Last night, I met for the first time with a new writer’s critique group. For the past four years, I’d been meeting with what turned out to be a core group of five, which originally started as seven. After attending a SCBWI conference in Spokane a few weekends ago, I met several others in my area who are interested in writing for children, and so we met last night to organize.

With any change comes new possibilities, but also fear. Our new group currently has 10 interested persons, which is actually quite large for a critique group. Some people voiced concerns that we could end up spending perhaps too much of our own limited writing time critiquing other people’s manuscripts. After meeting for a few months, perhaps we might decide to split into interest groups. Or perhaps time and people’s schedules will dissolve the potential problem. People get busy. Interest wanes. They drop out.   

But about our new possibilities, I have these things to say:

Change is good! Embrace it. In that it presents new challenges, you must adapt. Adaptation gets the brain synapses moving, the adrenaline flowing. You get exited about your new prospects, but only IF you don’t allow your fears to stop you cold. Instead of worrying about what might happen, focus on the positives:

  1. Be happy that you have met new people who are interested in reading your work and giving feedback on it.
  2. Be happy for the new pool of creative ideas, knowledge, skills and techniques from which to learn from.
  3. Be happy that you are in the process of creating a new community—a new mix of people—who have never before been together. Because everyone comes from a different perspective, they will, by virtue of who they are, give you new insights about the world at large. Our new group includes a retired 5th grade teacher; a landscape architect and mother of a special needs child; a registered nurse and mother of six children; a retired college professor, and a recent graduate with an English degree. My current manuscript includes a segment where someone almost dies of a massive coronary. I now have someone who can read that section with expertise that wasn’t possible in the group before. 
  4. Be happy for the new journey you’re about to take, and be open to the ways it will cause you to become a stronger, more capable person. So maybe you’ll need to learn better time management skills, in order to have time to read and critique other people’s manuscripts. Contracted writers need to be masters at time management, and meeting deadlines, no matter what’s going on in their lives, or they quickly become has-beens. When you are contracted, you are employed by a publisher. Employers, even book publishers, don’t put up with prima donnas. We certainly look at what we’re doing as art, but publishers look at what we give them as a product.
  5. Be happy for new friends in your life who love writing and are excited to talk about writing. As writers, the thing dearest to our hearts is something not easily shared with non-writers, who really do not understand our passion.   

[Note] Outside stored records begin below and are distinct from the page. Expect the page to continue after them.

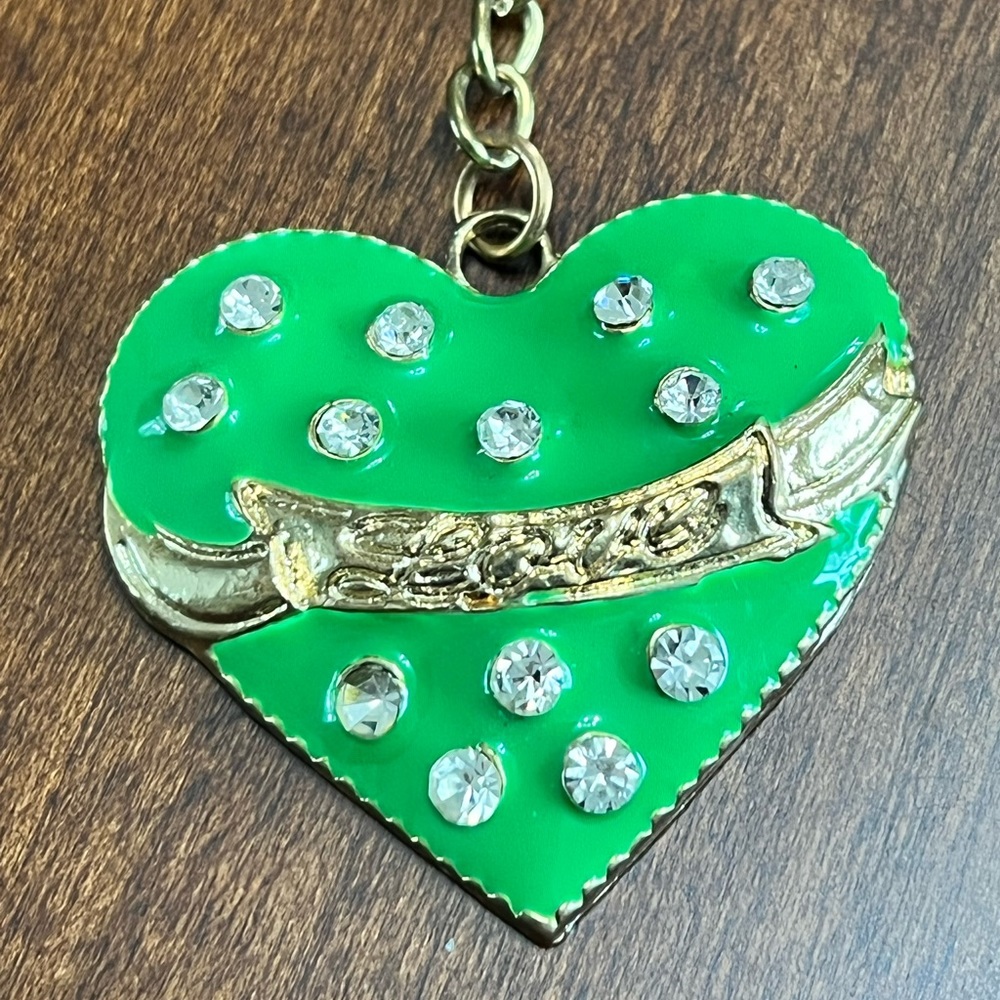 Gold And Green Enamel Heart Keychain with "Love" and CZ Diamonds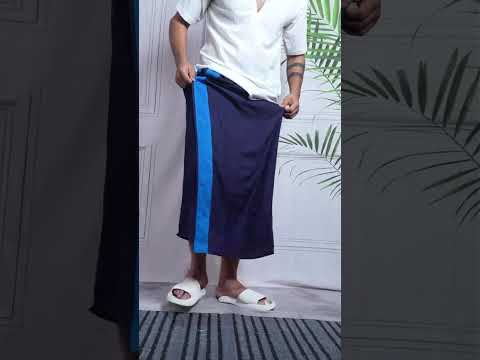 Men Navy Colour Pajamalungi With Blue  Textured Stripe Panel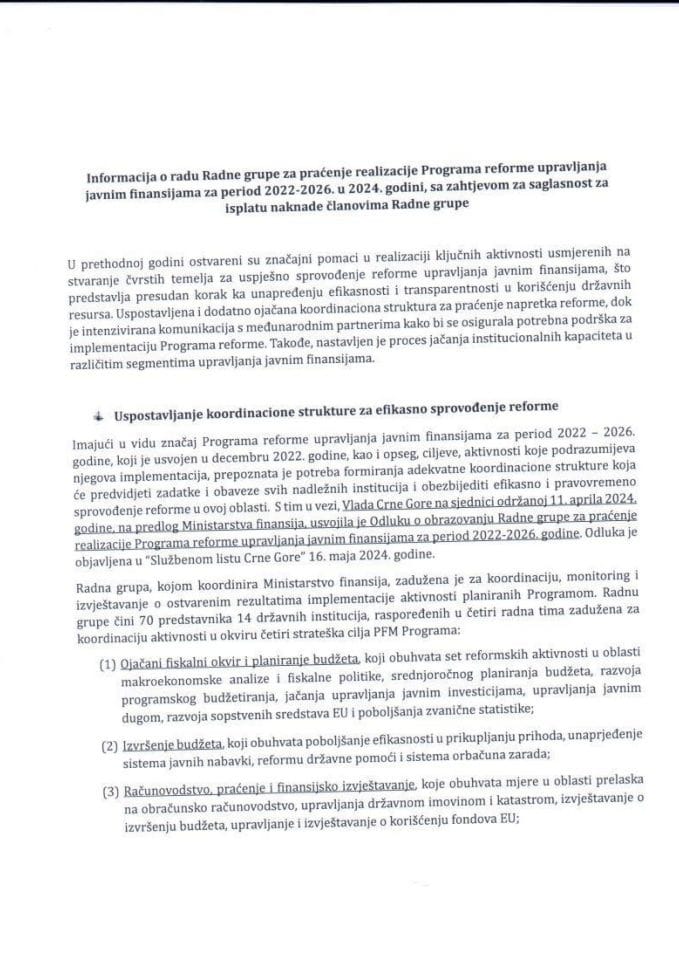 Информација о раду Радне групе за праћење реализације Програма реформе управљања јавним финансијама за период 2022-2026. године, у 2024. години, са захтјевом за сагласност за исплату накнаде члановима Радне групе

  1. It sounds like a diverse grop of people who will bring a lot to the table. Enjoy!
    In a different way, I see blogging as having the same aspects to it. Meeting new people. gaining new friends and learning about new and unfamiliar things.


  2. I think so too, Melinda, about blogging. It really gives you a window into others' diverse lives that you wouldn't get otherwise.

  3. all important things to keep in mind and be happy about! I haven't had an honest to goodness critique group in awhile. I had a virtual one but now I just have a couple hustry trusty betas:)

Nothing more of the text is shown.